Misafiri bağrına basan Trabzon’da bol kepçe servis yapan garsona Çupi’nin “Az az oğlum. Her şeyden az az… Yoksa keyfi çıkmaz” dediğine şahidim.
Efsane Beşiktaş’ın efsane Başkanı Süleyman Seba’nın “Arnavut Prens” dediği Çupi, 1932 yılında Tiran’da doğdu. Parantezi kapattığı 2001 yılına kadar futbol ve İstanbul’u yazdı. İslam Çupi’nin futbol yazılarından derlenen "Futbolun Ölümü" ve "Olaylar, Sağbekin Lahana Dolmasını Yemesiyle Başladı" kitapları var.
Ben burada “Hey gidi İstanbul” kitabından söz edeceğim. Türkiye İş Bankası Kültür Yayınları bu yılın başında 18 yıl aradan sonra kitabın ikinci baskısını yaptı.

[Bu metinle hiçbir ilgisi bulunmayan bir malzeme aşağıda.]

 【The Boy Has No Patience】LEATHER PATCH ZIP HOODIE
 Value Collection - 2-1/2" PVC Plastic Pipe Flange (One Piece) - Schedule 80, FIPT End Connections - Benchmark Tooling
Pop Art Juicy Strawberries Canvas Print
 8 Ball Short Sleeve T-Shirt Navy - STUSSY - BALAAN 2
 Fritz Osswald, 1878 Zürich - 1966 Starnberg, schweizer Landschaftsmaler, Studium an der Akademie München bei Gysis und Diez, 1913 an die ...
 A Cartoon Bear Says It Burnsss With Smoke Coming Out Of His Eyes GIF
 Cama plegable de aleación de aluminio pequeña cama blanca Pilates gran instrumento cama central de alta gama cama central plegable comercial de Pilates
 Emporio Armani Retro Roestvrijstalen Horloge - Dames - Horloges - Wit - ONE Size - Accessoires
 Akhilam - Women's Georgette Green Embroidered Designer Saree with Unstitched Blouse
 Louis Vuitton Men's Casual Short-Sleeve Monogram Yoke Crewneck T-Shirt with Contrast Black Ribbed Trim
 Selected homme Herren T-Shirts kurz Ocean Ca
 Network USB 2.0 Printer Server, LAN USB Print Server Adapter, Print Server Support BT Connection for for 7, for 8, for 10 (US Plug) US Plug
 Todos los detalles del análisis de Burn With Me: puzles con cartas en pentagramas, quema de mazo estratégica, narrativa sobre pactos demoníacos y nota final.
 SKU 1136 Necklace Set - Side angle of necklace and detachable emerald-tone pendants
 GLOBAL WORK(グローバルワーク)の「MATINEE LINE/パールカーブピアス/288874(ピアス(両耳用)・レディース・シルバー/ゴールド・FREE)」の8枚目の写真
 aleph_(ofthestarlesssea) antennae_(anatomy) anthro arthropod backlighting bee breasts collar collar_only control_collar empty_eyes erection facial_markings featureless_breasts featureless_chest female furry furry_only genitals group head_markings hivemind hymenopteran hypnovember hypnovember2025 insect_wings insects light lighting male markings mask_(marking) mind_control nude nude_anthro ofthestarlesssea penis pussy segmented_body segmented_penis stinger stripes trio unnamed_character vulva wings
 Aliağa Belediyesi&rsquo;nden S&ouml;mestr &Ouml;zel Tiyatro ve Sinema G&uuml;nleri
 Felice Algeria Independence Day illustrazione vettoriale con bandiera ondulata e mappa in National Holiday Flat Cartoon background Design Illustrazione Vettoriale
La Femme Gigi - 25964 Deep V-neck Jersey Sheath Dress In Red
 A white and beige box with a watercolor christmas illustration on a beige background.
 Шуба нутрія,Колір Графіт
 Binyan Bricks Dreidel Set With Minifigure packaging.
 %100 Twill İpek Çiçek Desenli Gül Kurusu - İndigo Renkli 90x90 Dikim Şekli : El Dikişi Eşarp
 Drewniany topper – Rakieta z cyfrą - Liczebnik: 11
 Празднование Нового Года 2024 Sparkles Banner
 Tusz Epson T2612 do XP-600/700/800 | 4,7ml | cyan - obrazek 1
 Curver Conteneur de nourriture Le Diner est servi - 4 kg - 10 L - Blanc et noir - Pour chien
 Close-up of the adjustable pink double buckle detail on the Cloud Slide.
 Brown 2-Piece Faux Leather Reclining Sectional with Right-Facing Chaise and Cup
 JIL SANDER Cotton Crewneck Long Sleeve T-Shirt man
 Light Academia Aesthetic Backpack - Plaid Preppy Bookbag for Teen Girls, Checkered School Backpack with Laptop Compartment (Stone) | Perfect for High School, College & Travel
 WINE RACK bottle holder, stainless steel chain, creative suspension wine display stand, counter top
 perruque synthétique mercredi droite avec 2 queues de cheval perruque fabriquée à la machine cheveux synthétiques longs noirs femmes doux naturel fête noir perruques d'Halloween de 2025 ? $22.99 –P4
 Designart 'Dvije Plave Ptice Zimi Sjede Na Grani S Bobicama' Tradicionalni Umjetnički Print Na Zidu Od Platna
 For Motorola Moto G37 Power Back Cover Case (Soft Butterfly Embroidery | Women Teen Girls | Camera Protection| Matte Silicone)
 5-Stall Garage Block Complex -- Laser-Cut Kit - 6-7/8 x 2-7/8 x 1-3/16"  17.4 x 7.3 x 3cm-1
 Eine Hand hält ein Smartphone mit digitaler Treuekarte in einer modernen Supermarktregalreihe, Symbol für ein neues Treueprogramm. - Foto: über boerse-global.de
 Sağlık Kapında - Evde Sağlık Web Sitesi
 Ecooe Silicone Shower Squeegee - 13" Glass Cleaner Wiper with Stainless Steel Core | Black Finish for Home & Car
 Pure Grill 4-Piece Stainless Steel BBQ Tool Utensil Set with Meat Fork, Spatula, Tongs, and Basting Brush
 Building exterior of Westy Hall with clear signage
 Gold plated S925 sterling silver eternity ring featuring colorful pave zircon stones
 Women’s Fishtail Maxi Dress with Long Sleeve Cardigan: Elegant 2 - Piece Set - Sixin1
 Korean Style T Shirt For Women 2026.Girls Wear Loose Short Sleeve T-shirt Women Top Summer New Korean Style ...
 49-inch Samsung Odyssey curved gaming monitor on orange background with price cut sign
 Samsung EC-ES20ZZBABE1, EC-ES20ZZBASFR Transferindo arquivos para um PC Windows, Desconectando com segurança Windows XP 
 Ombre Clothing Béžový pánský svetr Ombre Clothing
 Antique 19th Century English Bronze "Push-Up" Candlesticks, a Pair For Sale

Dört yaşından sonra sur içinde büyüyüp olgunlaşan Çupi, yedi tepeli kente can alıcı sözlerle ağıt yakan bir İstanbul vurgunudur. Ölümüne yakın tarihteki yazısından bir bölümle başlayayım:
“Her ağaç devrilişine, İstanbul’da sanki yeni bir kurban kesiliyormuş gibi ağladım ben. İstanbul’da tuğlası her yüksek tutulan fabrika, bana medeniyetin, asrileşmenin çalışkanlığını değil, oksijeni ve yeşilliği çaktırmadan yiyen demirden bir hayvanat bahçesinin bu güzelim kentte planlamasız istilasını anımsattı.”
Hayatı boyunca yazılarını kurşun kalemle yazan Çupi’nin eski İstanbul’u, bir kara kalem resim çalışması gibidir.
“Gökdelensiz İstanbul, tuğlasını göğe yapıştırmamış İstanbul, tramvay alçaklığında adeta kendi fotoğrafını yürürken görür, çalan ‘çan’ bir hicazın veya nihavendin nağmelerini usta bir ‘ut’tan alıp sokaklara döker, tramvay arşı ile elektrik tellerinin birbirleriyle teması sonunda etrafa yayılan şerareler, bu şehrin karanlığını mor lacivert karışımı bir aydınlığa boğardı.”
İslam Çupi milenyumun başında sevdiği İstanbul’dan göçüp gitti. "Ya son 20 yılda yapılanları görseydi" dersek hata etmiş oluruz. Çünkü Çupi 30 yıl önceden İstanbul’un bugünkü durumunu da satırlara dökmüştü:
“İstanbul’u yürünemez ve yaşanılmaz kılan, Marmara Denizi’ni içine girilmez duruma getiren Türkiye’deki plansız, hesapsız insan ve ekonomiyi oynatma depremi, bu kentin çok az kalmış eski sahiplerine, günlük gazetelerin koydukları turistik yöreleri işaretleyen kilo kilo ilanlar, bana hayatımın sonlarında yapılmış en ağır hakaret gibi geliyor.”
“Futbol sadece bir oyun değildir” derler; ülkemizde bu güzel oyunu gazetelerin spor sayfalarında bazen filozof bazen bir edebiyatçı üslubuyla kaleme alan İslam Çupi, anıların içinden amaçlı amaçsız şut çeken insanları yazdı. Kalecisiz kalan, savunma oyuncuları pul pul dökülen ve topların ağlarını harap ettiği İstanbul sokaklarının da dili kalemi oldu.
Ustanın kâğıda döktüğü şu sözleriyle bitireyim:
“Ne güzel yağmurlar yağıyor artık bu şehrin üstüne, ne kuşbaşı karlar düşüyor damların tepesine, ne saka, flurya ve bülbül şakıyışı var ağaç dallarında, ne de insanı kendi tuzsuz maviliğine çağıran Marmara.”